A captivating new phenomenon in business communication recently has emerged: office-wide social networking sites. Reading an article in The Globe and Mail last week detailing the pros and cons of this rapidly growing form of internal communication, I was struck by the possibilities for valuable discussion between all levels of employees that this casual forum enables. And yet I couldn’t help but wonder: what new questions or problems for communication etiquette could these sites invite? As I learned more about the sites and their benefits, I kept this question in mind.
The interfaces of company social networking sites such as Yammer may look like Facebook – but their purposes vary greatly. Instead of providing a space for posting photos and networking with friends and acquaintances, office social networks are limited to discussions within a company, and exist for sharing ideas or questions regarding projects, products, issues, or anything else traditionally addressed in a meeting or an e-mail chain between colleagues.
To me, this kind of in-office discussion seems ripe with potential. Providing such a familiar meeting space could allow employees to feel more relaxed about casually proposing ideas. It’s also a great solution to keep employees who are traveling, working off-site, or who otherwise couldn’t attend a meeting in the loop. And, as Carly Weeks of the Globe and Mail points out, such sites can “put an end to annoying, time-wasting and hard-to-follow e-mail chains between large groups of employees.”
What, however, could the downsides of company-wide social networks be? To start, analysts at research firms such as Forrester Research and IDC Canada argue that all employees – from senior level managers to Millenial-generation interns – must actively partake in the sites in order for them to be effective. Convincing all members of a company to participate could be a challenge.
But what really interested me was what the growing popularity of these sites could mean for business communication. As e-mail several years ago introduced an array of business communication faux-pas that some professionals still grapple with today, so might social networking sites invite a level of informality, which could be inappropriate when used in a discussion that your boss or manager could be contributing to as well.

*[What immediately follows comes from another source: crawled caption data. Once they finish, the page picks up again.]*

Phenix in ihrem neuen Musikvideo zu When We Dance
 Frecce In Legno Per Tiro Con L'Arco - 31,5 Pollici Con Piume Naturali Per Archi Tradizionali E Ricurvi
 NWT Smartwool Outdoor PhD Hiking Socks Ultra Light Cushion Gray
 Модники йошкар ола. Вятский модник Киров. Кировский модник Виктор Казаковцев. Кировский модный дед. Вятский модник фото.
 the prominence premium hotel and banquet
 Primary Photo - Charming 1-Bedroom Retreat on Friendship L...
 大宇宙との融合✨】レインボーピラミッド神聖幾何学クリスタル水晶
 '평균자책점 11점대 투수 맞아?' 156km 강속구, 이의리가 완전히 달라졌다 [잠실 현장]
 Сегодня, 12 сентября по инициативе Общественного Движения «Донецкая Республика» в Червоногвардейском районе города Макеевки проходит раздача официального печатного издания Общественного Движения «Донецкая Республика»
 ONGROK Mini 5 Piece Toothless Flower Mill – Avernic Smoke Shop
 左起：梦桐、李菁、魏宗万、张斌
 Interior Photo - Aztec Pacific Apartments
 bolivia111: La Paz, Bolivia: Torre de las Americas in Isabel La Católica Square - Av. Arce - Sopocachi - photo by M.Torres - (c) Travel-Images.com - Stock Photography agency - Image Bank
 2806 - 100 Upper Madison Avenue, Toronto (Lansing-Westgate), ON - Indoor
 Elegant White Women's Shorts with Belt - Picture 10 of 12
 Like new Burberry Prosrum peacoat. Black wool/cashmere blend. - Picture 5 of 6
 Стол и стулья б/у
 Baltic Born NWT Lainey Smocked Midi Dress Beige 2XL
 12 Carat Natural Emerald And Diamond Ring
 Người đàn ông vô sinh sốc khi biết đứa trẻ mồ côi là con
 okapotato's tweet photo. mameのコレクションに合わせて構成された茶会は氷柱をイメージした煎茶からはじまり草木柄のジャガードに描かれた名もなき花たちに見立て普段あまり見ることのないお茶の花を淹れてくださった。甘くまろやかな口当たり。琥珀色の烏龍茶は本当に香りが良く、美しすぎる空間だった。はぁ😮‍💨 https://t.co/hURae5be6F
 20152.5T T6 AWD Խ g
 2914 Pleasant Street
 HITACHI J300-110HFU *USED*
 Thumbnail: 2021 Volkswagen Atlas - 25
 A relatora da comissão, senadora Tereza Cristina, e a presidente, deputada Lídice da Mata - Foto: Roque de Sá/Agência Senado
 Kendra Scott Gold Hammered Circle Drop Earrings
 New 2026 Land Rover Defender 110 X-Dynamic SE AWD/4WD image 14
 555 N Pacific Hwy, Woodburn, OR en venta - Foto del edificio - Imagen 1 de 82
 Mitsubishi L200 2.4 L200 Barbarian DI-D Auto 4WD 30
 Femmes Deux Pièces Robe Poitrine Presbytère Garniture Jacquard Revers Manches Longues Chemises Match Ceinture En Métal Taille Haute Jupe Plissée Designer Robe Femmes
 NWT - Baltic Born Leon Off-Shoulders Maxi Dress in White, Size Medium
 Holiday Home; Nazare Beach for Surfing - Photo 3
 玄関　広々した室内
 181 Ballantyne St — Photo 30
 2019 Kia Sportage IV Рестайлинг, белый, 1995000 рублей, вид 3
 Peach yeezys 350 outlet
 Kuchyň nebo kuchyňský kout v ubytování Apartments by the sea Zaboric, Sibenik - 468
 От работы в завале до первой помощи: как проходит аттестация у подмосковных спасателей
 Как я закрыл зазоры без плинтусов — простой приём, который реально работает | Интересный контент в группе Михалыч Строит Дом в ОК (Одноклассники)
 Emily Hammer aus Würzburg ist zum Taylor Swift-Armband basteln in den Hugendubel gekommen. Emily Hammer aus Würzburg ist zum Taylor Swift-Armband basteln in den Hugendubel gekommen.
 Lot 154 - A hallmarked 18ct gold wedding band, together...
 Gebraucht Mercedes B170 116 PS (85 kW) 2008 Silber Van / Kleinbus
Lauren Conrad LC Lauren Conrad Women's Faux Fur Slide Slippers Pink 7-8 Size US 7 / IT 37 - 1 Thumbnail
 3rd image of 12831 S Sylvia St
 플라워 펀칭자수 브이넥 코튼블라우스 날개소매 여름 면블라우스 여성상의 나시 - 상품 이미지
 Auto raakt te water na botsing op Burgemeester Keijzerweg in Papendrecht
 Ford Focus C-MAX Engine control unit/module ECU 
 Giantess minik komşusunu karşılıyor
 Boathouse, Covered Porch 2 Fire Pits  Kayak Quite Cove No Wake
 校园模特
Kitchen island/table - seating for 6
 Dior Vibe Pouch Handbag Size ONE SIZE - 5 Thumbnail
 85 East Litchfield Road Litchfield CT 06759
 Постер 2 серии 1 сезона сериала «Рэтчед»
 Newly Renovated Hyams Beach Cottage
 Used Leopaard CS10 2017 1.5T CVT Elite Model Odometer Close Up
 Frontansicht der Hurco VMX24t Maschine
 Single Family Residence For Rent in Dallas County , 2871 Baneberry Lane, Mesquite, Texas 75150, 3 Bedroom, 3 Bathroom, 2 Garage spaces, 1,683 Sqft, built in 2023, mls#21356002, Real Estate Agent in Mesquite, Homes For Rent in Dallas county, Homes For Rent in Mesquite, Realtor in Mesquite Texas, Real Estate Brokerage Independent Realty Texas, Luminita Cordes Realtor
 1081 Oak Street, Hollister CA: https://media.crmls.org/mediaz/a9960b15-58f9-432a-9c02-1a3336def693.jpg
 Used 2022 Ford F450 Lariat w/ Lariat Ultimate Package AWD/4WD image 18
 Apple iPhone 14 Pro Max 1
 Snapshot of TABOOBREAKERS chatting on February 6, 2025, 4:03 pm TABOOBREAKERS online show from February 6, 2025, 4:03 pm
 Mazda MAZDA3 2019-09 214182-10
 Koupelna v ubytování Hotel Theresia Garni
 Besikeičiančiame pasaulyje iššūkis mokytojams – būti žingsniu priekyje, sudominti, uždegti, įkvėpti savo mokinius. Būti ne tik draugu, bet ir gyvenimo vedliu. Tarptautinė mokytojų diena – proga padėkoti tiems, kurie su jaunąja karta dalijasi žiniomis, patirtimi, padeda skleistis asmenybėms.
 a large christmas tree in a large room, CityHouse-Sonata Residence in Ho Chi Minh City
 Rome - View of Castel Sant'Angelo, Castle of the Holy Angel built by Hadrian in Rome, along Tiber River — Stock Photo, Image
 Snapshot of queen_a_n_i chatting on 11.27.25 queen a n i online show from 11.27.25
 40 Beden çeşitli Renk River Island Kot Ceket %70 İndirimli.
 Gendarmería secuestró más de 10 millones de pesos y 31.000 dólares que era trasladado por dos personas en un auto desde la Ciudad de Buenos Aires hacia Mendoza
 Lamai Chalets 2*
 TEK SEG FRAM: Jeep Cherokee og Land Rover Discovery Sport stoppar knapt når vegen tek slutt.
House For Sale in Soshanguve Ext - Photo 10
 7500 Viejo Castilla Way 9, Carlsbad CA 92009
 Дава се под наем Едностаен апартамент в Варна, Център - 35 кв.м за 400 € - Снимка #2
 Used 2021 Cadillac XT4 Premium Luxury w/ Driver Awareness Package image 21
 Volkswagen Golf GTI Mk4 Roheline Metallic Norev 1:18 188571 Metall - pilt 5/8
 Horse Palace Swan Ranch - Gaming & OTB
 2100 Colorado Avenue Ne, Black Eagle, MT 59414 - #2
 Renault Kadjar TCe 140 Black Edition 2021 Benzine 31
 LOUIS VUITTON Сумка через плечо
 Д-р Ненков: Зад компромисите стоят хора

How casual is too casual, when participating in an informal online forum? Although your colleagues may include some of your best friends, remember that everyone in your company will be able to see what you post – and that includes senior-level VPs. Therefore, retain a level of formality with your words. Don’t use Internet abbreviations such as “lol” and emoticons: you want your ideas to be taken seriously; let your language reflect that. In addition, even though these sites act as a space for informal discussion, do put some thought into your posts before you hit “send.” Even if the sites offer a “delete” button, you don’t want some colleagues to read words that you will later regret writing.
It will be interesting to see whether these company-wide social networks take off. Maybe they will go so far as to replace internal e-mail, or perhaps the excitement will simply fade out before the vast majority of companies have a chance to experiment with these new forums. Either way, remember – that no matter what the setting – your language and your communication skills will always represent you and your ideas. Keep them professional, tactful, and appropriate.